Copy, exactly as written, the lines that begin at the one containing "H K Fashion" and end at the one containing "Eurasia. Europa e". Skip any pictures in the data below.

_THE DATA_
<<<<
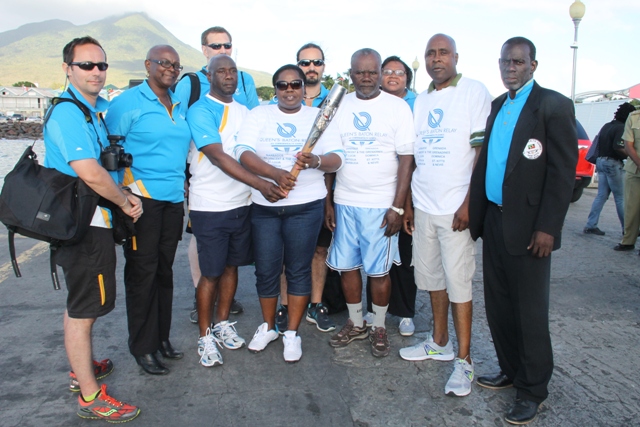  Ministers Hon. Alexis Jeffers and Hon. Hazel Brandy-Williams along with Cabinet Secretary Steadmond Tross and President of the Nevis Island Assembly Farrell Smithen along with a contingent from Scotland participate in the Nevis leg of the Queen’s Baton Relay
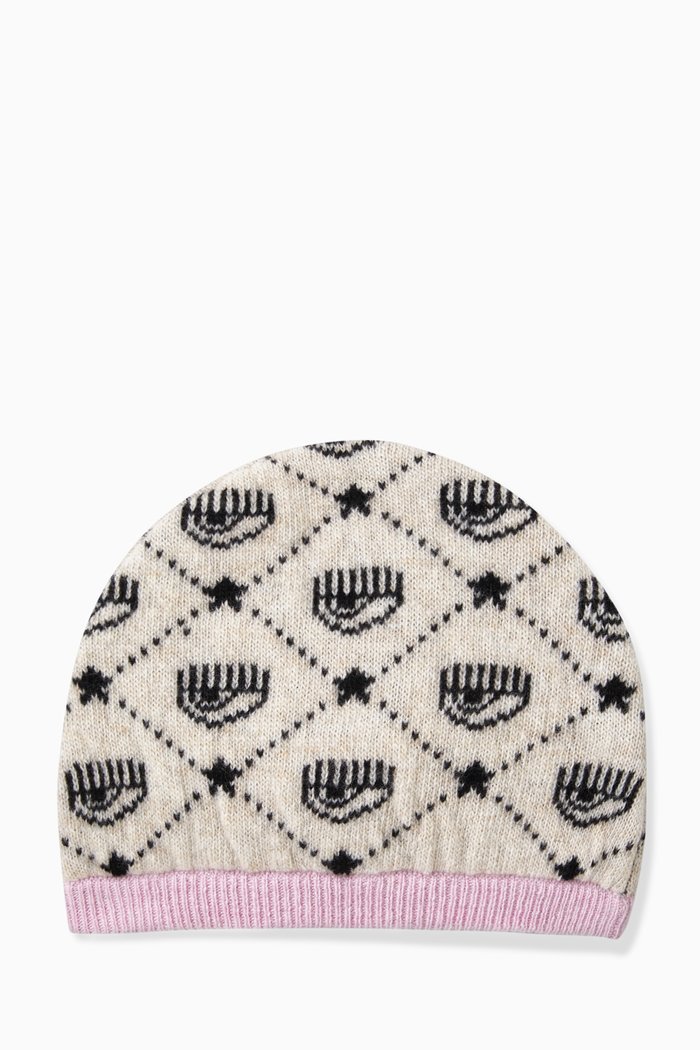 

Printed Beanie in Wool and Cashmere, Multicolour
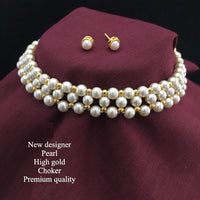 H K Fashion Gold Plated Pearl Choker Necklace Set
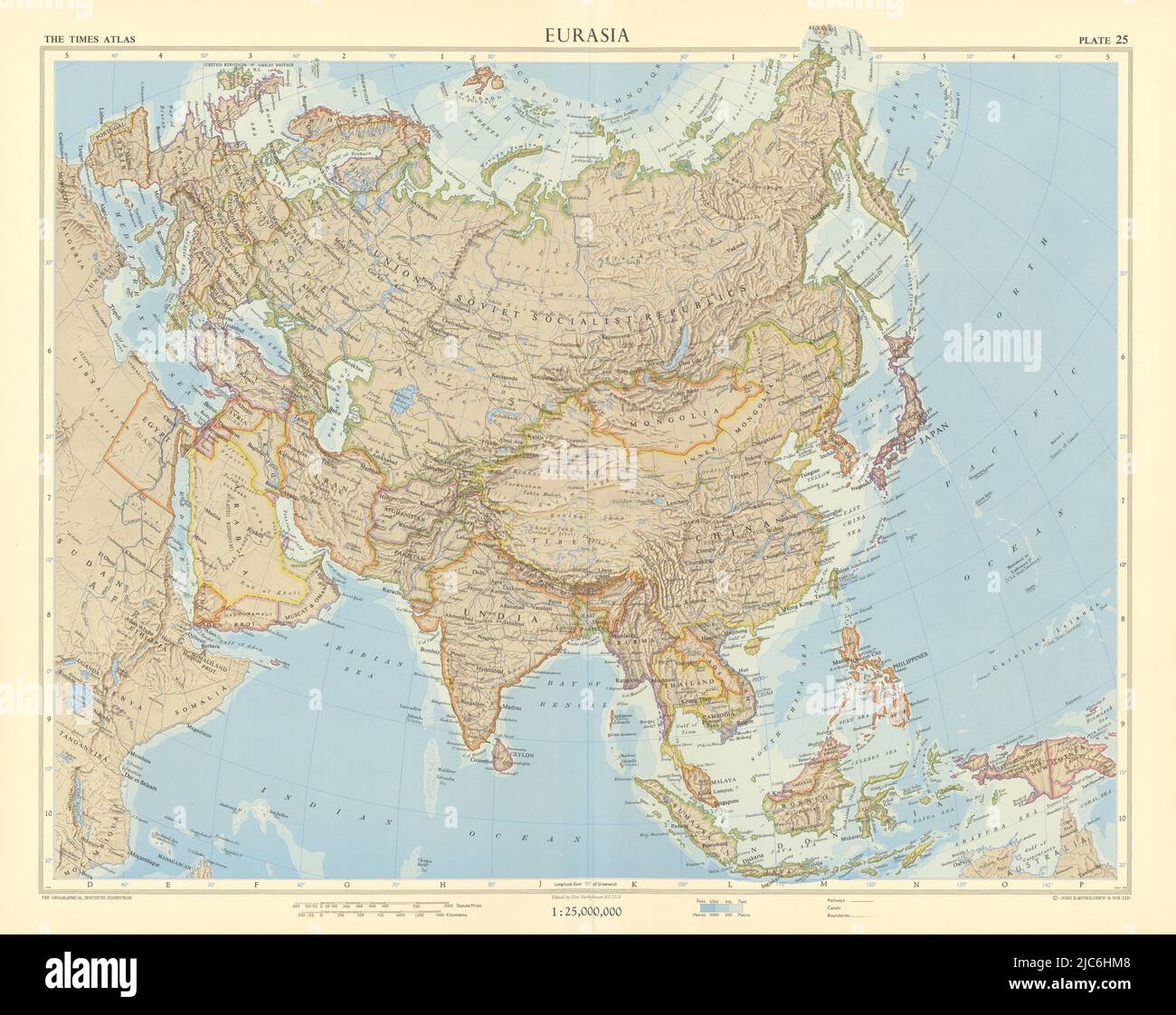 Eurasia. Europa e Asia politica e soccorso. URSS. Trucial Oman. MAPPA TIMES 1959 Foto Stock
>>>>
<<<<
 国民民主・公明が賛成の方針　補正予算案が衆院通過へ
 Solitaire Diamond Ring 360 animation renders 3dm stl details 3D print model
>>>>
<<<<
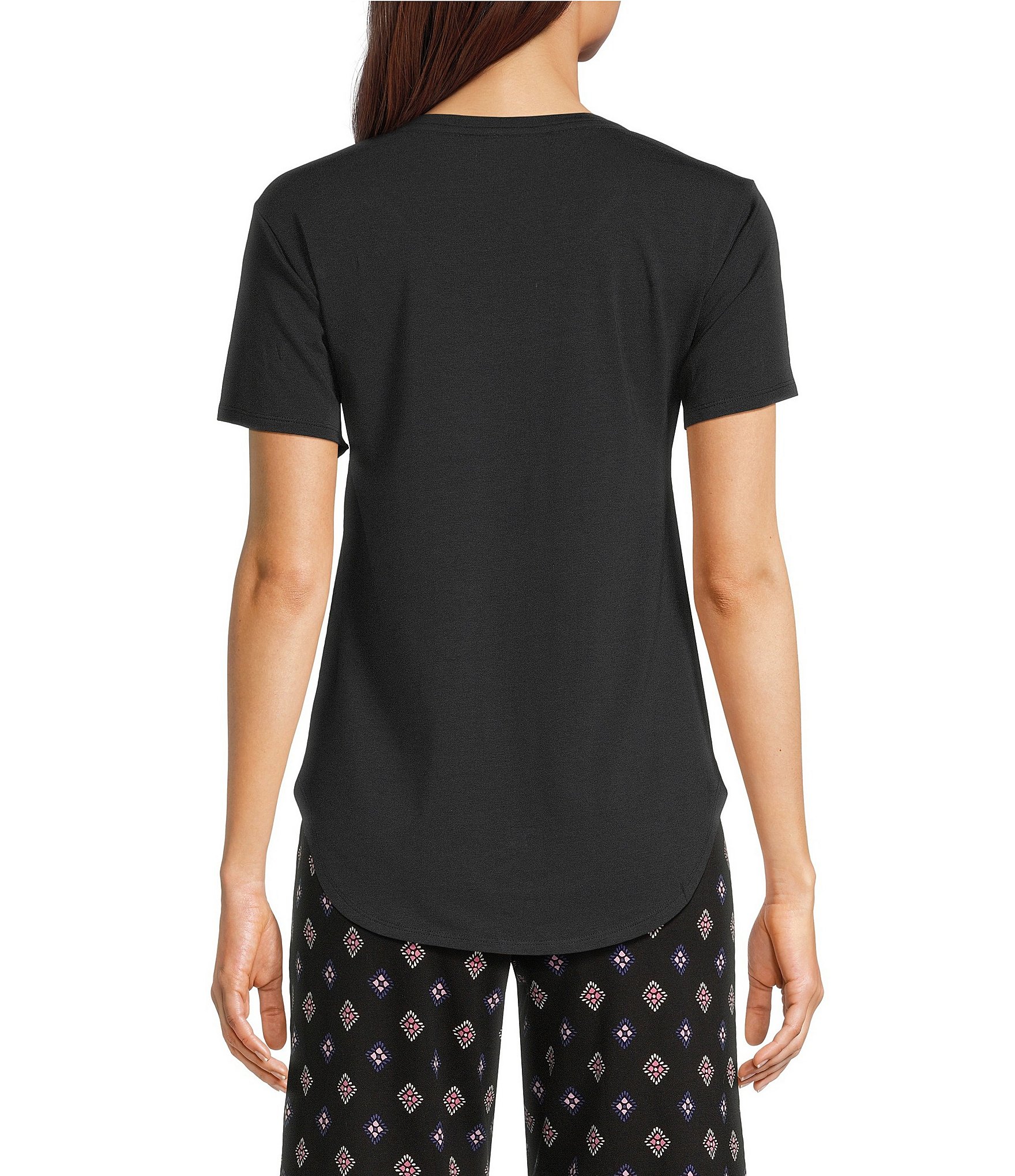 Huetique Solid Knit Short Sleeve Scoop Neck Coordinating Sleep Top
>>>>
_ANSWER BOX_
 H K Fashion Gold Plated Pearl Choker Necklace Set
 Eurasia. Europa e Asia politica e soccorso. URSS. Trucial Oman. MAPPA TIMES 1959 Foto Stock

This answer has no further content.